Discussion Questions

1. Why do you think lecture is so heavily used in classrooms?

2. Will online classes decrease the use of lecture or possibly make it take a different form?

3. What is meant by, “lectures provide the most efficient use of time when trying to deliver a large amount of information?”

4. What are the benefits and challenges of a student-centered instructional strategy approach?

5. Do you feel any one of the five elements of an effective lecture is any more or any less important? If so, which one and why?

6. Why is questioning seen as an “art?”

7. Is any one content area better suited to the constructivist approach?  If so, why?

8. What content area do you see as best being taught in a cooperative learning format?  Why?

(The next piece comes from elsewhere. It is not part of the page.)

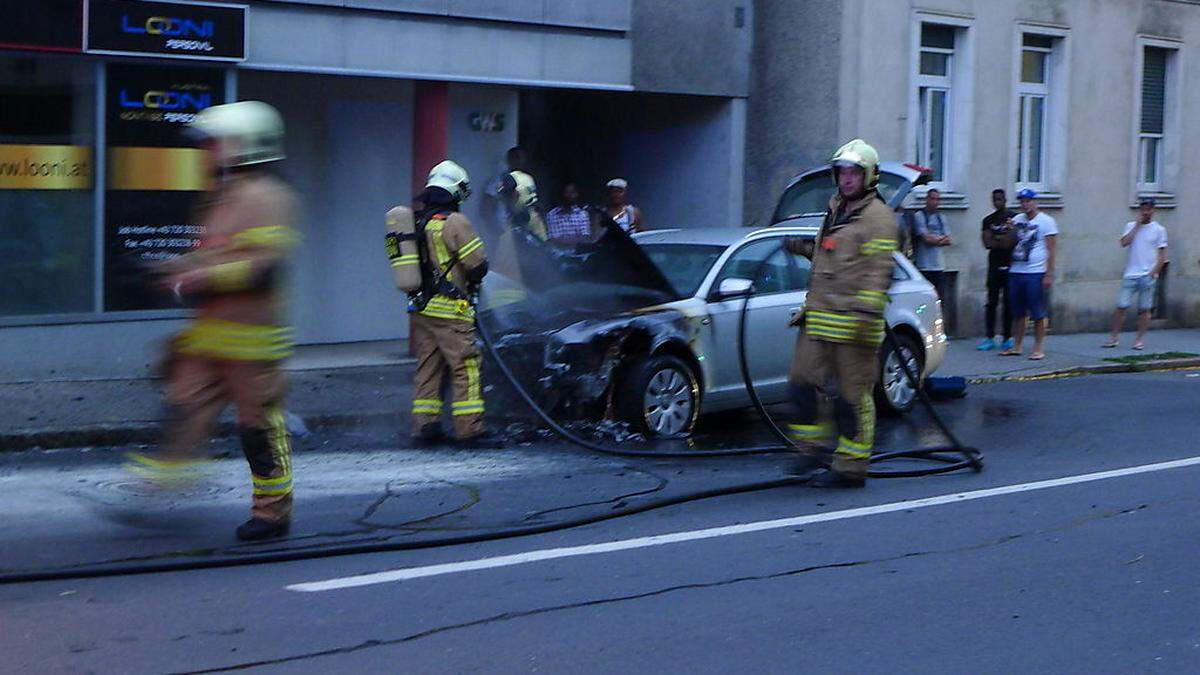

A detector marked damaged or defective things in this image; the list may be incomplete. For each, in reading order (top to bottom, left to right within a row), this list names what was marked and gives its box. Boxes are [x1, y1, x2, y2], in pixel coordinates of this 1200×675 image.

damaged vehicle [478, 162, 948, 438]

9. In education today, do teachers need to have more instructional strategies to pull from or be highly proficient in the ones they use the most?

10. What is meant by “all instruction is built on a foundation of planning?”

11. How would you use norm-referenced tests differently than criterion-referenced tests in your assessment practices?

12. Describe the main differences between formative and summative assessments and why you would want to use both in your classroom.

13. How do teachers use data from formative instruction to adjust their instruction?

14. What is the main purpose of response to intervention (RTI) and how do the three tiers insure that every student is involved in progress monitoring? 

15. Why do you think school districts are getting so much pressure from parents to “opt-out” of high-stakes testing? How has this issue become one that has riled the whole community?

16. What has been your state’s experience with online student testing? What happens when scoring is flawed and data is described by the testing provide as “invalid?” What does that mean for teachers and students who prepared for the assessments?

17. What is the benefit of using authentic assessment, in regards to collections of student work in portfolios, performances, demonstrations, etc? How does this help students make connections to their learning?

18. How has the use of rubrics removed teacher-bias from grading practices?

19. How does the inclusion of both types of questions (closed and open-ended) make a test richer and a more-meaningful measurement for a classroom teacher?